With the consolidation in corporations through mergers, bankruptcies, and simply going out of business, there will be less competition and fewer choices when it comes to high-value commodities. With the coming drought, every commodity will be high-value, and producers will have to learn to do more with less (mainly water), leaving manufacturers having to sell less for more (meaning price hikes), and downsizing will be the name of the game. Armageddon starts tomorrow, and if you didn't heed my warnings from as far back as 2008, you're going to have a tough road ahead. We will be invaded, but not so much by politicians, but rather the kilo and other metric equivalents. Political INACTION is what will storm us from The Hill.

Price comparisons will no longer be done by the pound or ounce--when it comes, you will find that pound and ounce prices will have risen beyond tolerable levels, and things will now be doled out to us in metric measures. The per-kilo price will seem a bargain until that too rises out of contention (which will happen during the following century). Everything Britain has suffered through since the war will be coming here, but don't expect a return to standard measure over there--that train left the station decades ago. Even though their politics have made signs of returning to conservative power, don't expect a return to "the good old days" of British Empire-style markets and consumer earning/spending levels. The clock can only be turned back so far.

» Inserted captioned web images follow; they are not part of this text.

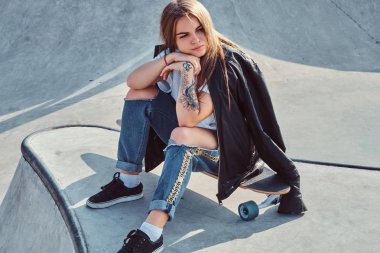 Uzun saçlı trendy kadın onu longboard üzerinde skatepark oturuyor.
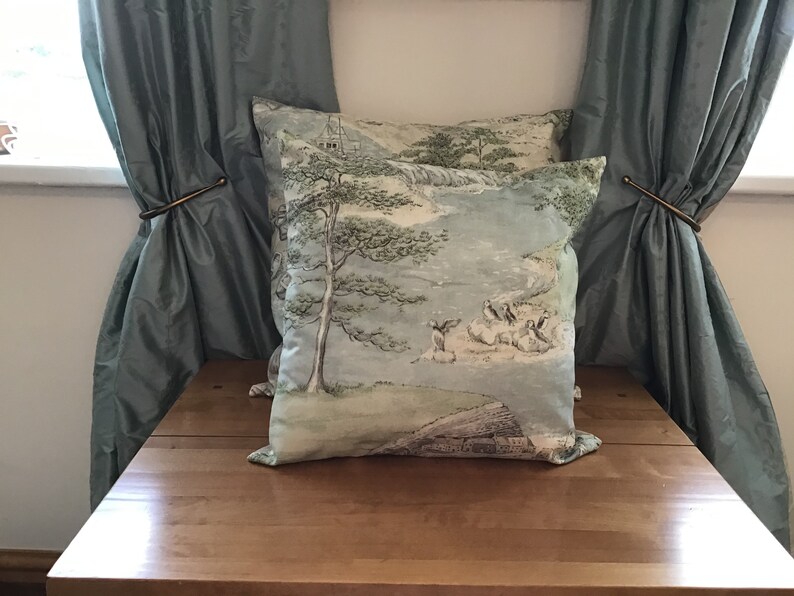 May include: Two square throw pillows with a scenic landscape design in shades of blue, green, and beige. The pillows feature a tree, figures, and a building. The pillows are placed on a wooden surface, with blue curtains in the background.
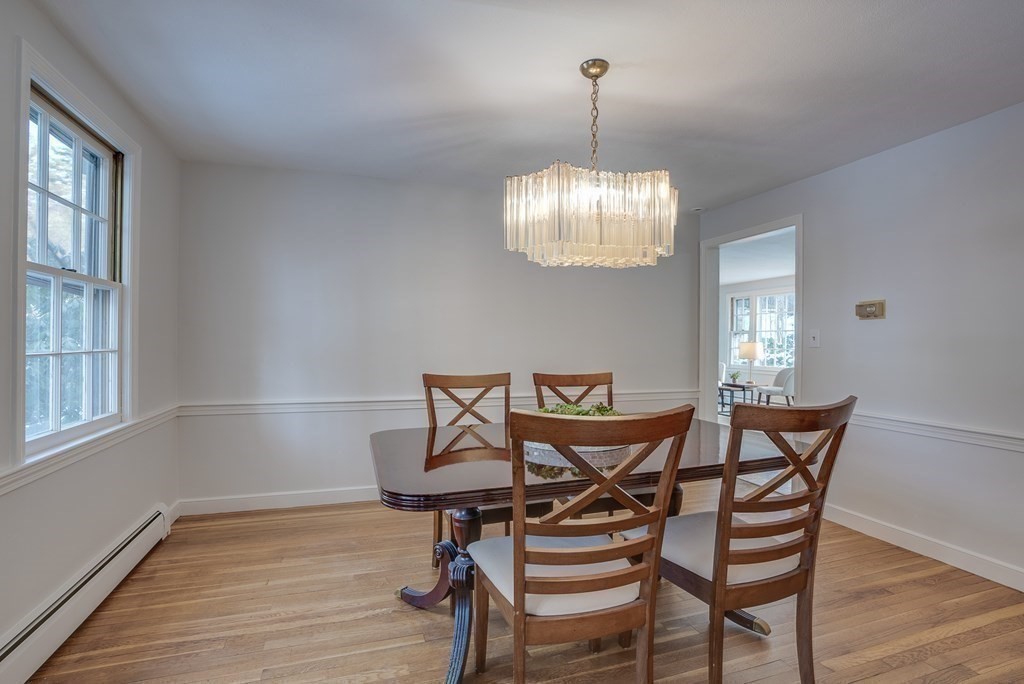 76 Brook Trail Road Concord, MA 01742 - Photo 8 of 33 a view of a dining room with furniture wooden floor and chandelier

Coupons will become a thing of the past (like they are in Europe), and markdowns will be few and far between. Due to the foreseen drought, food prices will only escalate from here, and unfortunately, there will always be traders to capitalize on it--you may as well join them and get paid for having to shell out on a retail level. This is what Britain did with BP, and look what BP's corner-cutting did to them: overly-dependent stockholders and pensioners were held captive while the Gulf became a big oil pit itself. Now BP is still having to pay cleanup costs and damages, while British stockholders and pensioners are bearing the burden.

More from 2008:

"Back to the grocery store: along with those old-fashioned coupons will go the traditional meal-planning (like anybody with a full-time job does THAT anyway) and plans to stock up, and this is exactly what retailers want you to do—forgo the forethought and operate on impulse, letting each aisle be a surprise for you when you visit—that way, they can take maximum advantage of you.

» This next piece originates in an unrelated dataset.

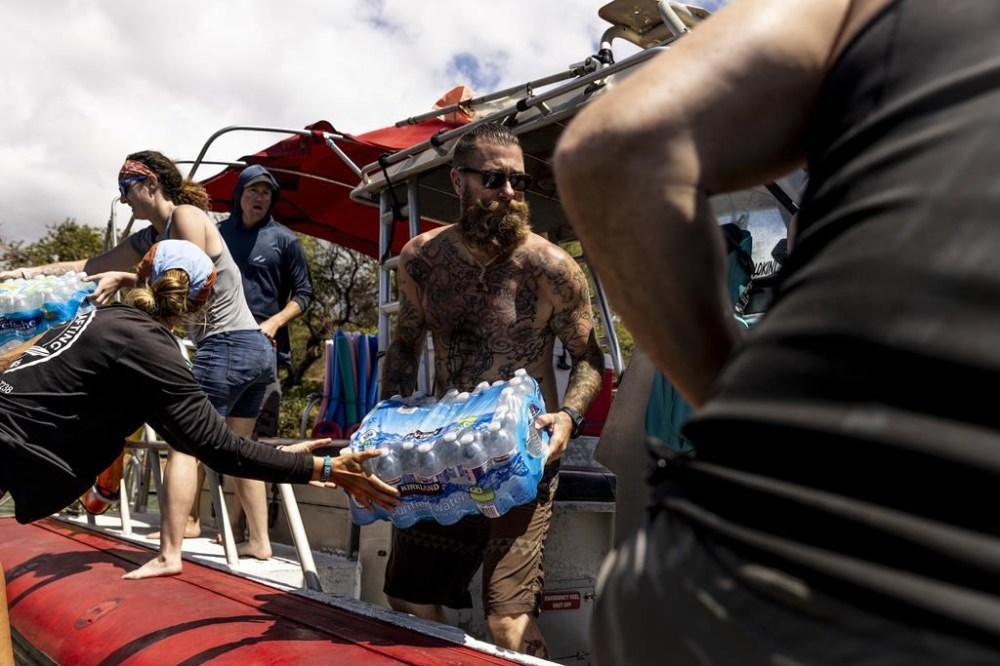 Volunteers load supplies onto a boat for West Maui at the Kihei boat landing, after a wildfire destroyed much of the historical town of Lahaina, on the island of Maui, Hawaii Sunday, Aug. 13, 2023. (Stephen Lam/San Francisco Chronicle via AP)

The way the future economy's predicted to go, you'll no longer be able to afford stocking up anyway."

This may come true in the next 25-30 years (maybe even sooner), because severe drought will mean we'll also be highly dependent on imported foods. Get ready for it and teach your kids and grandkids how to handle it: hunting, fishing, gardening, foraging, bartering, and teaming up with people who CAN when they CAN'T.

Other moves include: live in Washington, shop in Oregon—and any other advantageous arrangement such as this one. Washington State has no income tax, and Oregon has no sales tax. Other useful arrangements may include Texas/Mexico (some taxes, but still very low cost) and northern states/Canada (don’t know the details, but someone will fill me in, I’m sure). Other states with no income tax are: South Dakota, Wyoming, Tennessee, Florida, Texas, New Hampshire. If you go there to shop, make sure that's ALL you do, because some of these no-sales-tax states have fast-food taxes, hotel taxes, and other tourist traps. Take your own food, and don't plan on staying overnight.

Over the next few years, this may change--if the economy gets bad enough, tax-free may become tax-full. Do your research before attempting to try any of these potentially money-saving moves. By the time you (or your kids/grandkids) get to the point of needing these, the tax laws may have changed.

Seen the movie Mad Max or any of the Thunderdome movies? Though glamorized by Hollywood, they give you a glimpse (however surreal) of what our long-range future could be like. While greenie-weenies have the movie Waterworld on the brain, I've got Mad Max on my brain.